Here is a step-by-step procedure for loading JSON data into a Snowflake table from an AWS S3 bucket:
- Create a table in Snowflake that matches the structure of the JSON data. You can use the CREATE TABLE statement to create the table and specify the appropriate data types for each column.
- Create a stage in Snowflake that points to the S3 bucket where the JSON data is stored. Use the CREATE STAGE statement to create the stage. The stage must be created in the same schema as the table and must include the necessary access credentials for the S3 bucket.

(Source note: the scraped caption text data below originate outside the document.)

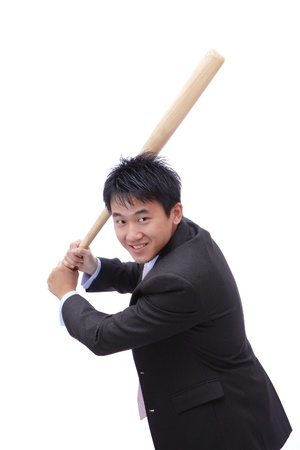 Business man take baseball bat with friendly smile ready for a good hitの写真素材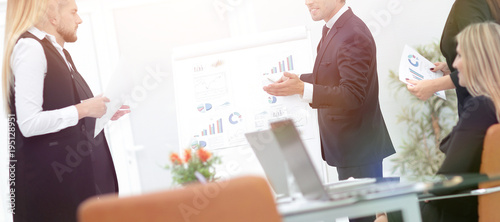 businessman makes a presentation to his business team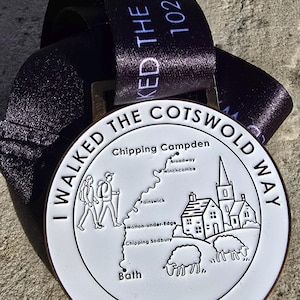 Może przedstawiać: Biało-srebrny medal z czarną wstążką. Medal przedstawia mapę z miastami i napisem "I WALKED THE COTSWOLD WAY 102 MILES". Wstążka ma napis "WALKED THE COTSWOLD WAY 102M".
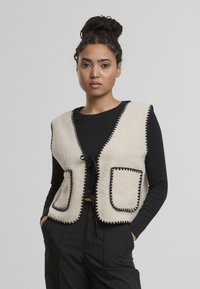 Béžová fleecová vesta s černými lemy, s véčkovým výstřihem, dvěma předními kapsami a zavazováním vpředu.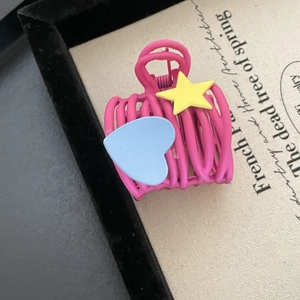 Pink heart and star hair claw clip with a hollow cage design on a beige textured background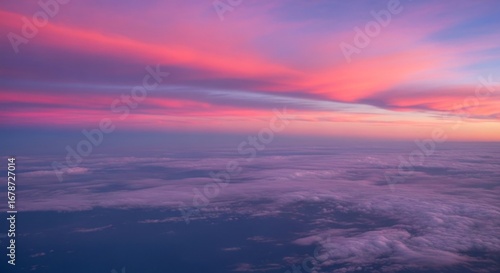 Fototapeta Naklejka Na Ścianę i Meble -  Aerial view of clouds illuminated by a vibrant pink and purple sunset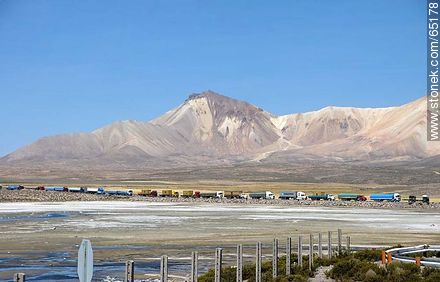 Chungará Lake. Nevados de Quimsachata. Time line of trucks waiting at the border post - Chile - Others in SOUTH AMERICA. Photo #65178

- Grant access to the S3 bucket for the Snowflake account. You need to grant read access to the S3 bucket for the Snowflake account using the AWS IAM policy.
- Use the COPY INTO statement to load the JSON data into the Snowflake table. The COPY INTO statement is used to load data into a Snowflake table from a stage. You can specify the file format as JSON, the S3 bucket location and access credentials, and the name of the target table.
- Verify that the data has been loaded into the Snowflake table by running a SELECT statement against the table.
An example of the COPY INTO statement would be like this:
COPY INTO target_table FROM 's3://bucketname/folder/file.json' CREDENTIALS = (aws_key_id='aws_access_key' aws_secret_key='aws_secret_key') FILE_FORMAT = (TYPE = 'JSON' COMPRESSION = 'AUTO');
It is important to note that in order to load data from S3, you need to have the necessary permissions on the S3 bucket. You need to make sure that the Snowflake account has permission to access the S3 bucket, so that the data can be loaded into Snowflake.
CREATE TABLE target_table ( id NUMBER, name VARCHAR(100), email VARCHAR(100), age NUMBER, address VARCHAR(200), phone_number VARCHAR(20) );
In this example, the table is named “target_table” and has six columns: id, name, email, age, address, and phone_number. The data types for each column are specified as NUMBER for the id and age columns, and VARCHAR for the rest of the columns.
Note that the column names and data types should match the structure of the JSON file you want to load into Snowflake, otherwise the data may not be loaded correctly or may generate errors.
Also, you can use the command
DESCRIBE to check the structure of the JSON file and create columns accordingly.
SQL to Create a stage in Snowflake that points to the S3 bucket
Here is an example of a SQL statement for creating a stage in Snowflake that points to an S3 bucket:
CREATE STAGE my_stage URL = 's3://freshers-in/folder' CREDENTIALS = (aws_key_id='aws_access_key' aws_secret_key='aws_secret_key');
In this example, the stage is named “my_stage” and points to the S3 bucket named “freshers-in” in the “folder” directory. The stage includes the necessary access credentials for the S3 bucket in the form of an AWS access key and secret key.